* **Data shown**
——————————

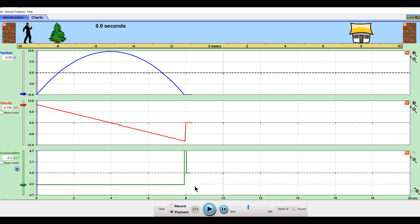So we have a constant negative acceleration the entire way through. Acceleration is not slowing down and speeding up — it's not change in speed, it is change in velocity. The best way to think of acceleration is not like you think of it in your car, speeding and slowing down. Think of F equals MA, Newton's laws. Acceleration is the unbalanced forces acting on the system.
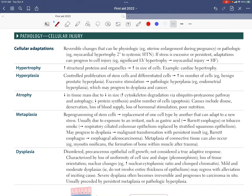This is a reading of the pathology section from First Aid. The topic is cellular adaptations — reversible changes that can return to their natural state. These can be physiologic, such as uterine enlargement during pregnancy, or pathologic, such as myocardial hypertrophy.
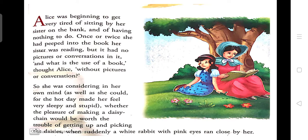Alice was not getting any interest in that book — Alice ko koi bhi interest nahi jagta jab woh us book ko dekhti hain jo unki sister read karti hain — because that book was not having any pictures or conversation written on it. She was saying, what was the use of that book jab na hi us mein koi picture hai, na hi koi colors hain, na hi koi conversation likhe hain?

——————————

* **What the task asks**
Give every line of the data above again as it stands; the pictures stay out.

* **Answer space**
So we have a constant negative acceleration the entire way through. Acceleration is not slowing down and speeding up — it's not change in speed, it is change in velocity. The best way to think of acceleration is not like you think of it in your car, speeding and slowing down. Think of F equals MA, Newton's laws. Acceleration is the unbalanced forces acting on the system.
This is a reading of the pathology section from First Aid. The topic is cellular adaptations — reversible changes that can return to their natural state. These can be physiologic, such as uterine enlargement during pregnancy, or pathologic, such as myocardial hypertrophy.
Alice was not getting any interest in that book — Alice ko koi bhi interest nahi jagta jab woh us book ko dekhti hain jo unki sister read karti hain — because that book was not having any pictures or conversation written on it. She was saying, what was the use of that book jab na hi us mein koi picture hai, na hi koi colors hain, na hi koi conversation likhe hain?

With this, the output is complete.